● Task inputs:
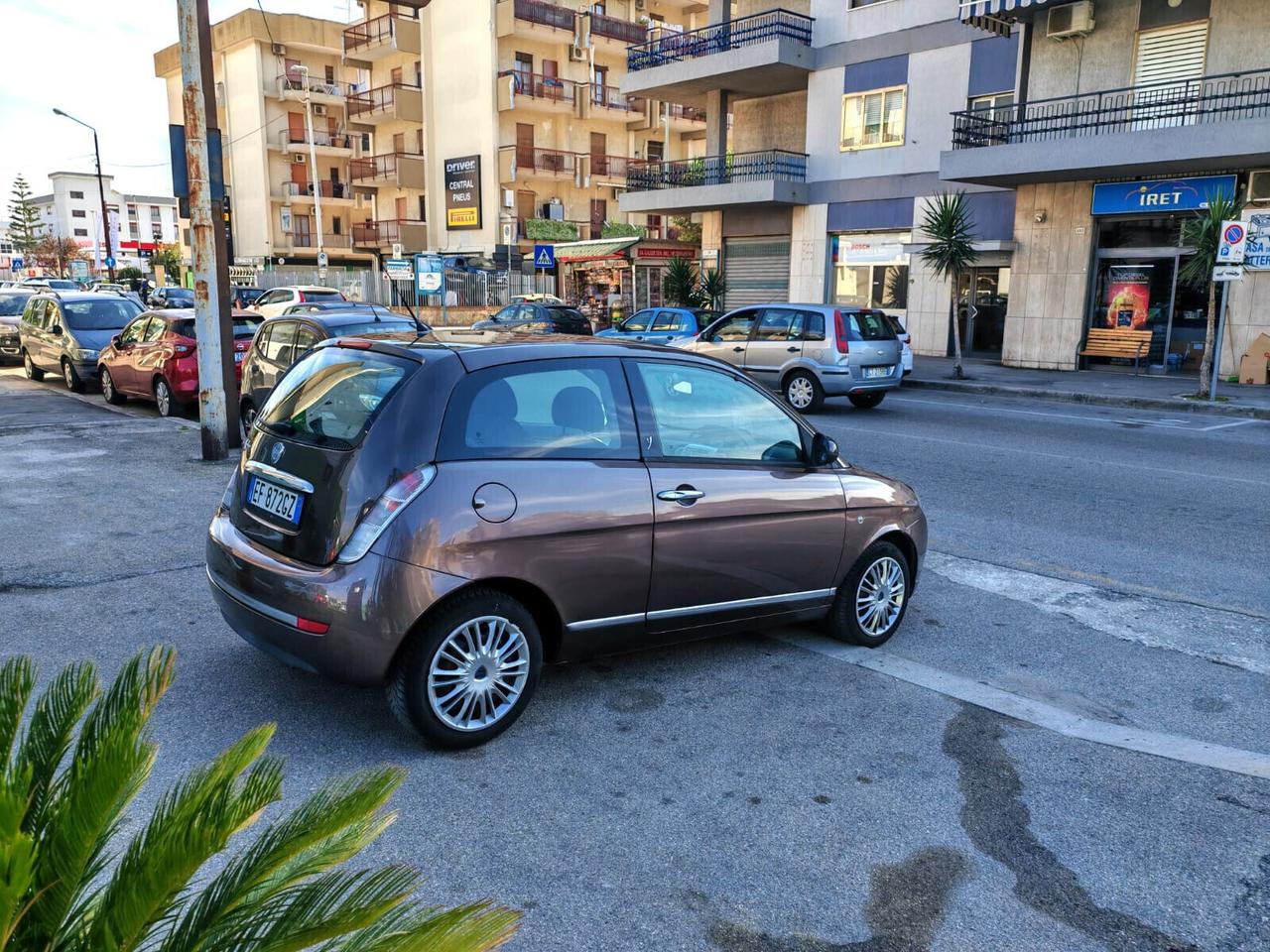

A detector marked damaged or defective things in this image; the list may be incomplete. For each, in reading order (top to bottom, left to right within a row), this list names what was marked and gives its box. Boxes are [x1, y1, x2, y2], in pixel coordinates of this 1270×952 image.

rusty metal pole [176, 0, 236, 459]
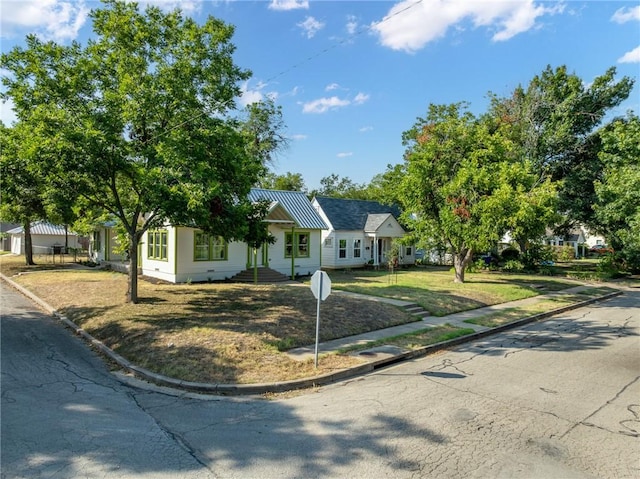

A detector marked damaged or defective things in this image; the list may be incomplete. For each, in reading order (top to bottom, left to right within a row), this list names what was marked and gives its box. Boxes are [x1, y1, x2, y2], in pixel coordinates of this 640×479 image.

cracked asphalt [1, 282, 640, 479]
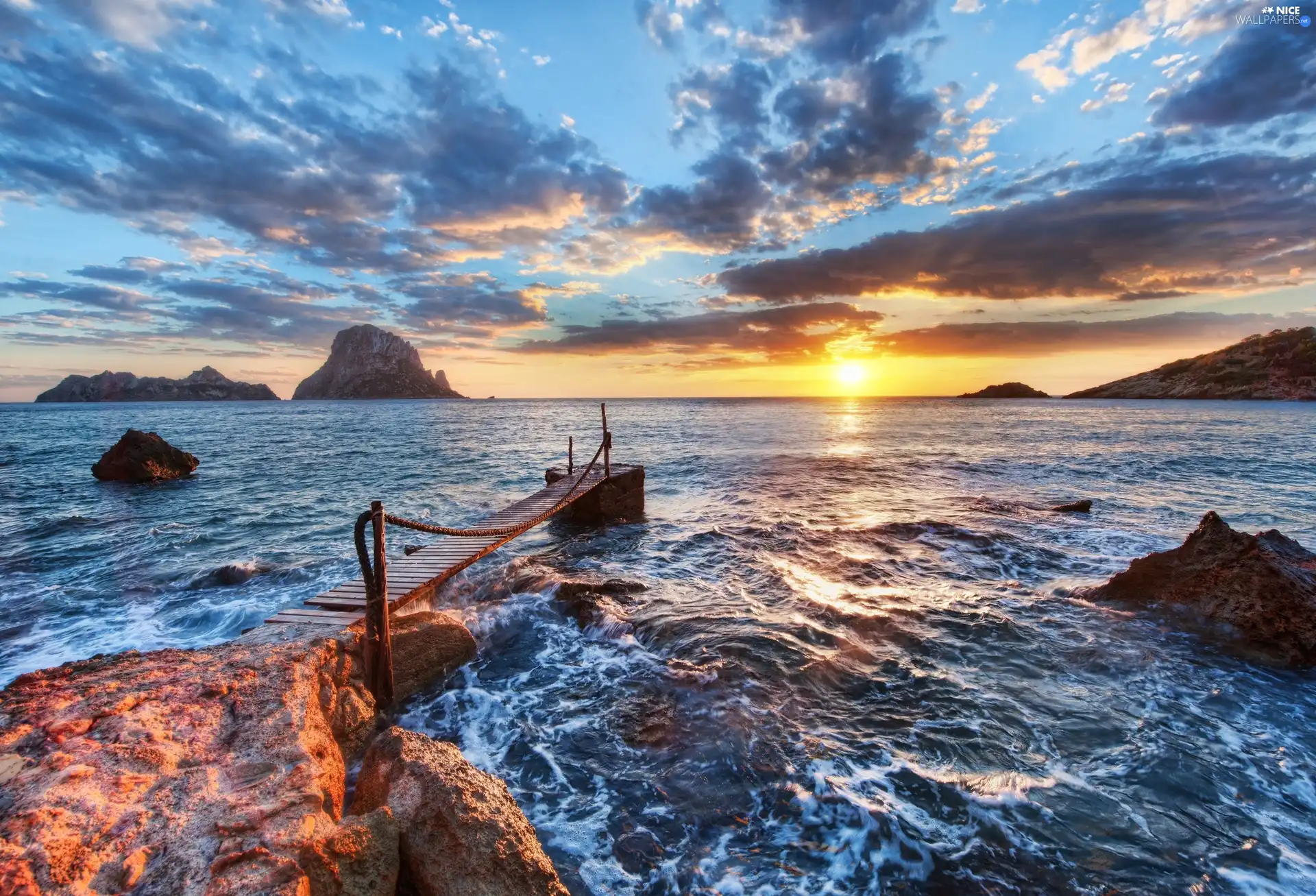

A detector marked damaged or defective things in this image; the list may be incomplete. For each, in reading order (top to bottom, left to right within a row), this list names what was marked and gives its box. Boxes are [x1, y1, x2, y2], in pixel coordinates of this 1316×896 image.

● What the exercise asks:
Reproduce the final stretch of lines exactly: the line containing "this 640×479 image." through the last line of the data, both included. Pictures do not belong in the copy.

● Answer space:
A detector marked damaged or defective things in this image; the list may be incomplete. For each, in reading order (top to bottom, left to right within a row), this list names what was marked and gives its box. Boxes are [x1, y1, x2, y2], in pixel coordinates of this 640×479 image.

cracked asphalt [1, 282, 640, 479]

A detector marked damaged or defective things in this image; the list may be incomplete. For each, in reading order (top to bottom, left to right within a row), this list names what was marked and gives its box. Boxes are [x1, y1, x2, y2], in pixel coordinates of this 1316×896 image.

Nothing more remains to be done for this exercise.